One of the most hyped, cheered, jeered, and purchased comic stories of 2008 was Grant Morrison's climactic six-story arc in Batman titled "Batman, R.I.P.". Because the title made direct reference to the flagship character's death, it at once caused an uproar when the name of the arc was made public months before it began to be printed. Some fans were critical because they didn't want to see Bruce Wayne die. Others were upset because they were sure he wouldn't. Still others felt that it was destined to be a duplicate of Knightfall, or, on another level, of the yearlong absence Bruce Wayne had just undergone during the year of "52".

The story also produced a lot of confusion on some fundamental levels. For one thing, the RIP logo was placed on four other titles and pitched as a crossover, but for the most part, those titles had almost nothing to do with the main plot. For those fans who assumed, understandably, that the other titles were essential to the story, the reading order was unclear, because they were not linked chronologically, in terms of the publication dates, with the six RIP issues in Batman or with one another. Another form of crossover confusion involved Final Crisis, which takes place chronologically after RIP, but was published at more or less the same time, debuting when RIP had hardly begun. Meanwhile, there truly was essential reading for RIP in the form of the preceding 19 issues of Morrison's run on Batman. These issues had fundamental clues to what was going on in RIP, ranging from the very basic to the very subtle. It can truly be said that you would miss things in Batman #681 (the last issue of RIP) if you were not familiar with Batman #655. It would have been more accurate to label every single issue in Morrison's run "RIP" instead of putting that label on issues of Detective and Nightwing that came out in 2008.

RIP was heavily marketed as a mystery, with Morrison using conventions, interviews, and his own site to exhort readers to figure out the identity of the villain of RIP. Ultimately, this left confusion as well, with many readers reaching the end of RIP with earnest uncertainty over who the villain had been. Moreover, I think every reader had to be uncertain, when RIP ended, what exactly the status was of Batman's health and fitness, with some key details available only as the two-part Last Rites (Batman #682 and #683) and Final Crisis were concluded.

And having noted all of that confusion, I haven't even addressed the psychedelic swirl of events inside the story itself, which further confused some readers and left others disdainful of the kind of menace Batman was facing (more like a bad acid trip than like the fare of costumed villains he'd fought over the years). And to top it off, a key coloring error added blood to a scene where there shouldn't have been blood!

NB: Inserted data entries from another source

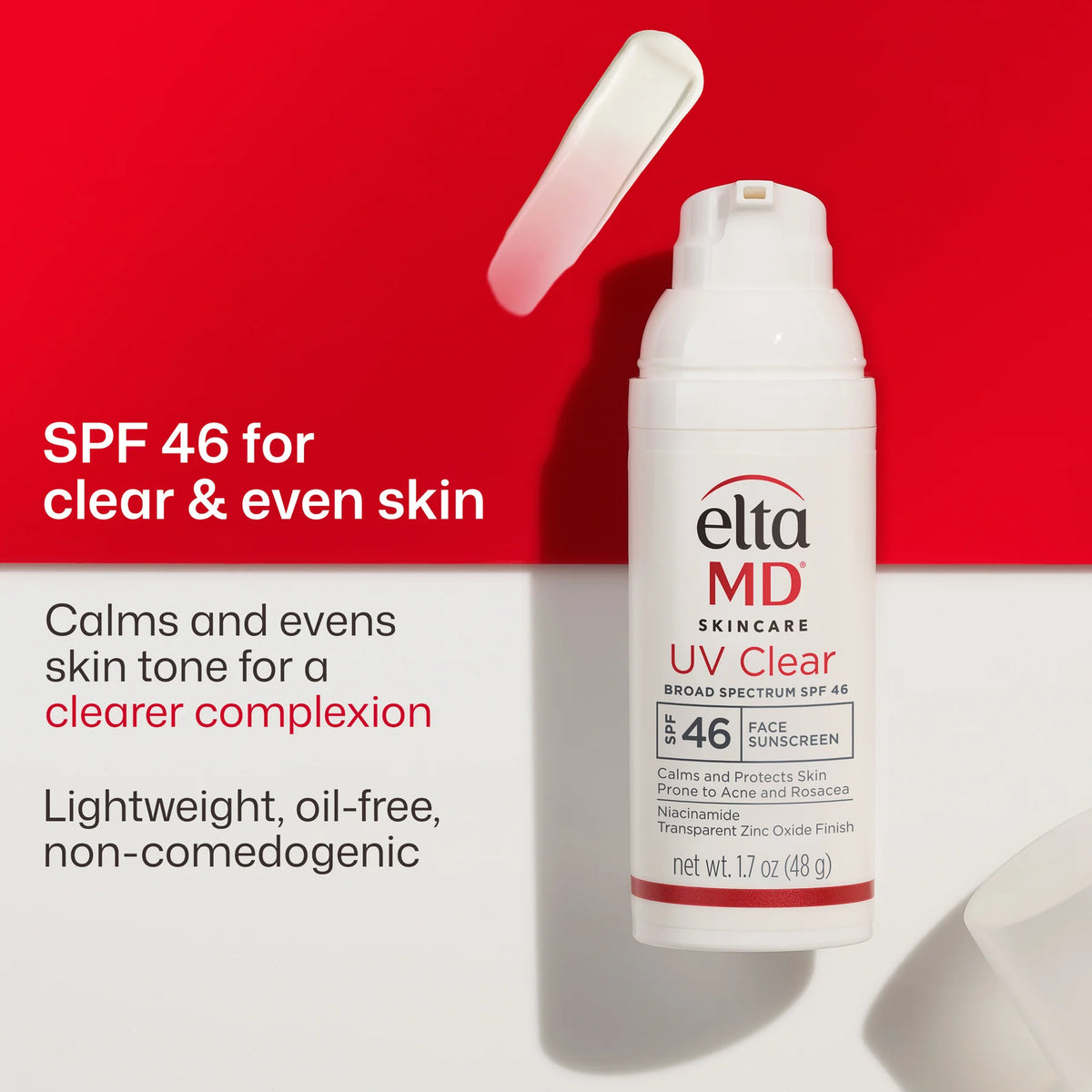 EltaMD lightweight, oil-free, and non-comedogenic UV Clear Broad Spectrum SPF 46 for clear and even skin. 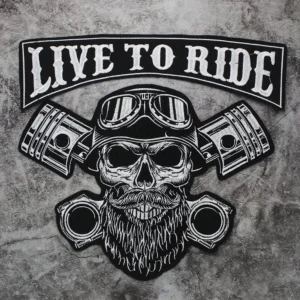 Letter Punk Skull Patch Biker Rock Large Embroidered Motorcycle Band Iron On Patches For Clothes Jacket Big Patch Back Badge
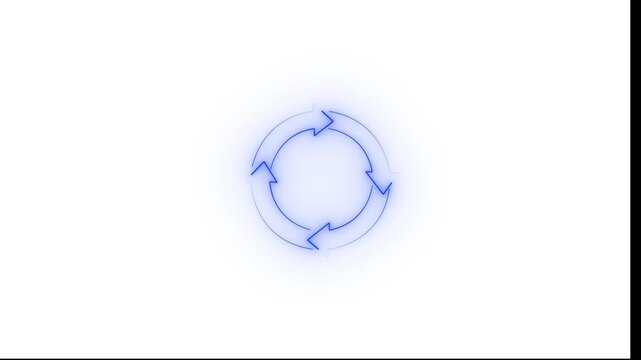 Arrow loading rotating on white background with alpha channel, loop seamless motion graphic. Rotating circle blue arrows animation, Seamless Loop Animation with Alpha Channel, transparent background.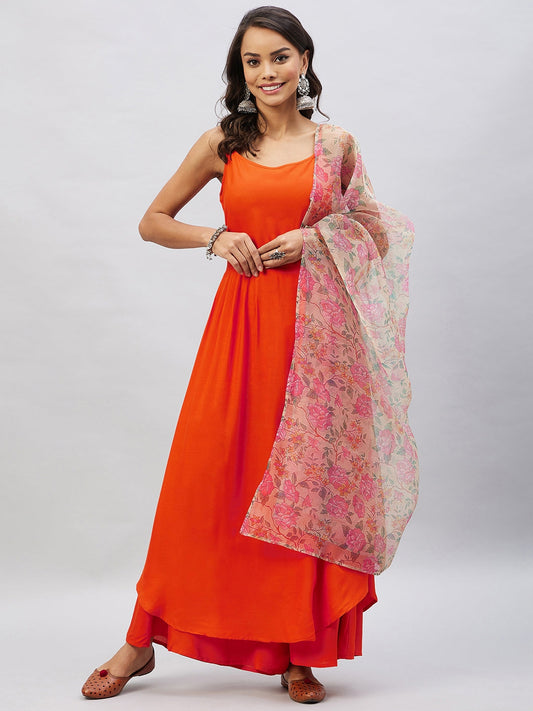 InWeave Orange Strappy Set With Light Olive Organza Dupatta - Swadesiicart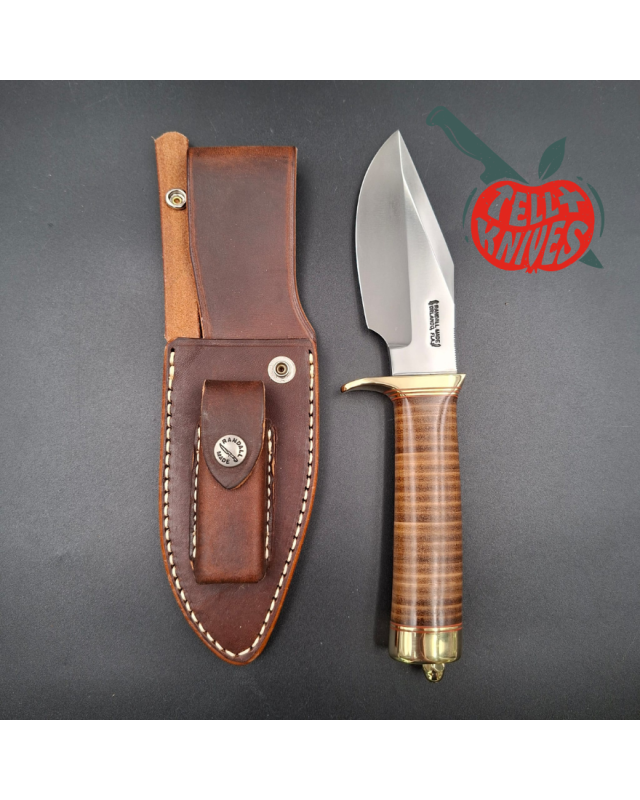 Randall Made Knives Model 19-5 Bushmaster forged carbon steel stacked leather handle brass guard and pommel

Ultimately, I think RIP was brilliant in flashes, and that the final two issues (Batman #680 and #681) contained some of the best Batman scenes ever penned. I would argue that the sheer length of the extended story enriches the medium. Just the idea that anomalies published in July 2006 were actually clues that would not be explained until November 2008 calls upon readers to look at future stories with a heightened level of observation. (Coincidentally, this is the exact duration of the 1960s Batman mystery concerning a villain called The Outsider, but that plot was totally absent from most stories printed in that time, instead resurfacing occasionally in issues of Detective.)

I think that RIP (that is, Morrison's entire run in Batman) was a tremendously rich work that rewards great scrutiny, and I will devote several upcoming posts to exploring it thoroughly.